▶ _AIM OF THE TASK_: From the listing below, restate word for word the lines from the line containing "Custom Purple Light-Blue" down through the line containing "其のまま地口猫飼好五十三疋(中), 国芳 Cats(2), Kuniyoshi, Ukiyo-e". Exclude pictures.

▶ _EXERCISE MATERIAL_:
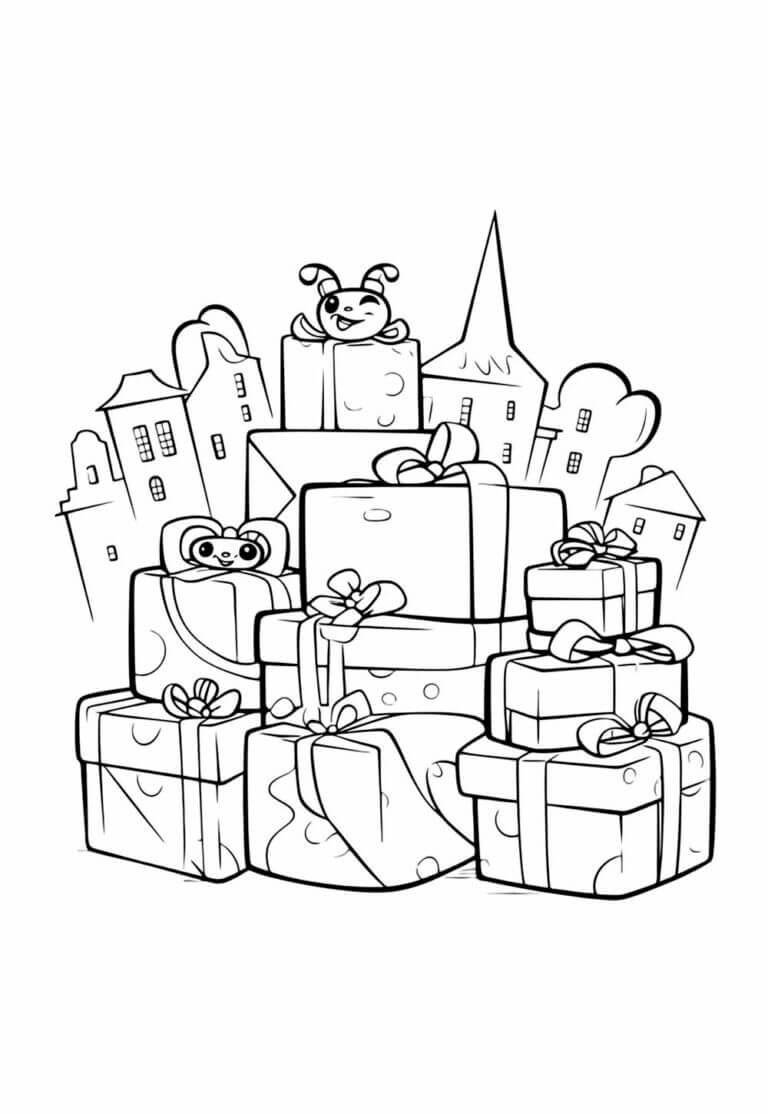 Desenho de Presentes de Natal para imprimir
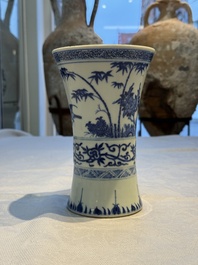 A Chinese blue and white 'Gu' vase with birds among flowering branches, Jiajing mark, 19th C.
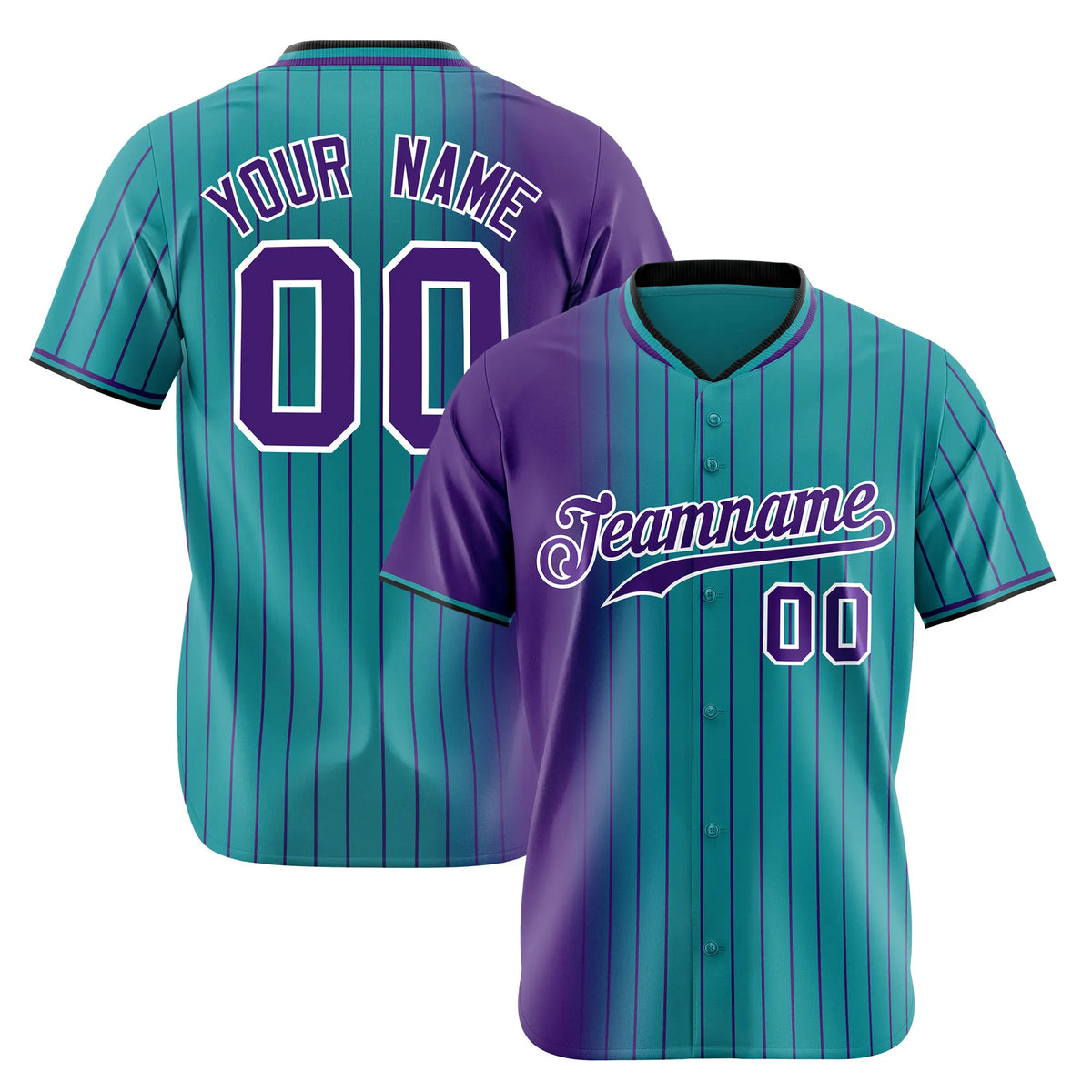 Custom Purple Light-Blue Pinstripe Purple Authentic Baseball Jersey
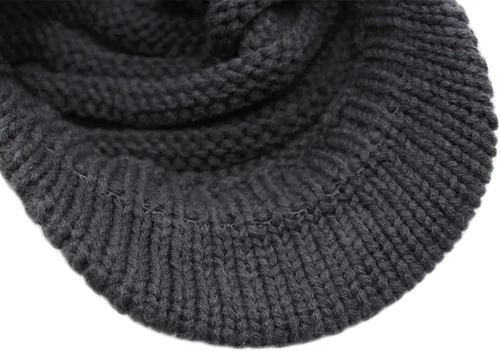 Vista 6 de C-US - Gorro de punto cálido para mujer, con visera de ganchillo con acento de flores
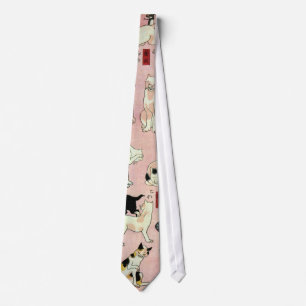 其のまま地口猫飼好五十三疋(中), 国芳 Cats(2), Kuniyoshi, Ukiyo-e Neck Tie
==
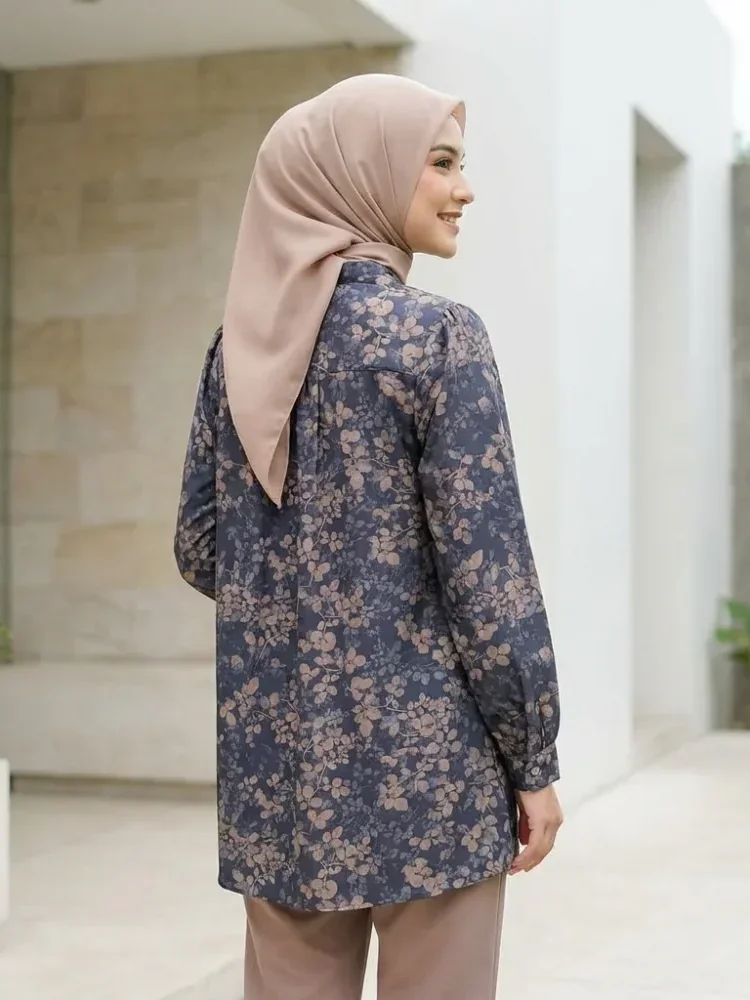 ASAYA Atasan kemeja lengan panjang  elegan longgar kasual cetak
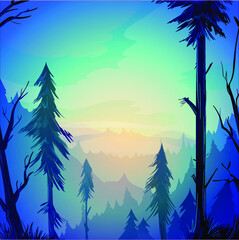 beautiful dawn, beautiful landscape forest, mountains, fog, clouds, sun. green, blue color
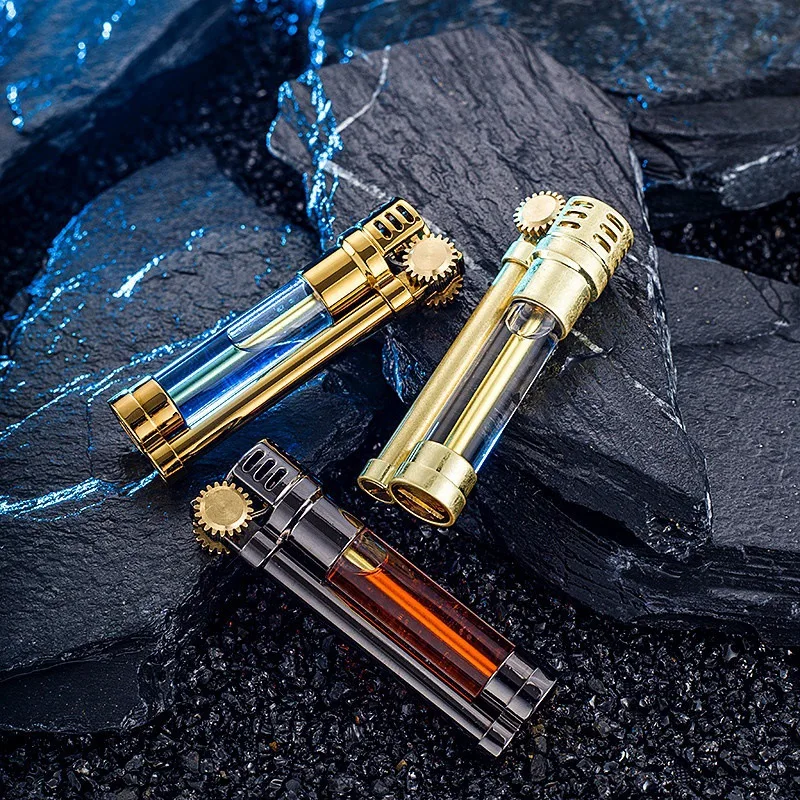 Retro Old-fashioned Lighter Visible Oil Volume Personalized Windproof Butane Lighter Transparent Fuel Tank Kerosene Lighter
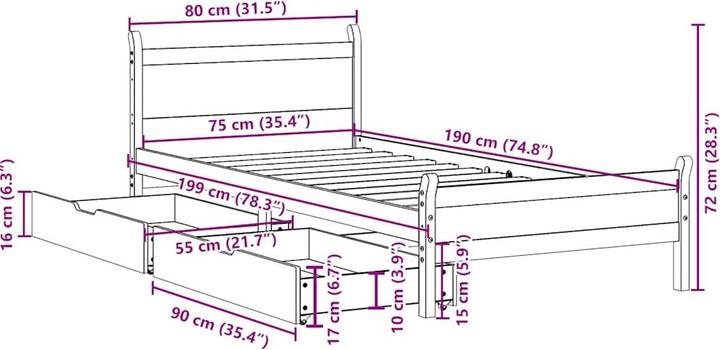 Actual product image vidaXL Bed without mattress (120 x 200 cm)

▶ _EXERCISE OUTPUT_:
 Custom Purple Light-Blue Pinstripe Purple Authentic Baseball Jersey
 Vista 6 de C-US - Gorro de punto cálido para mujer, con visera de ganchillo con acento de flores
 其のまま地口猫飼好五十三疋(中), 国芳 Cats(2), Kuniyoshi, Ukiyo-e Neck Tie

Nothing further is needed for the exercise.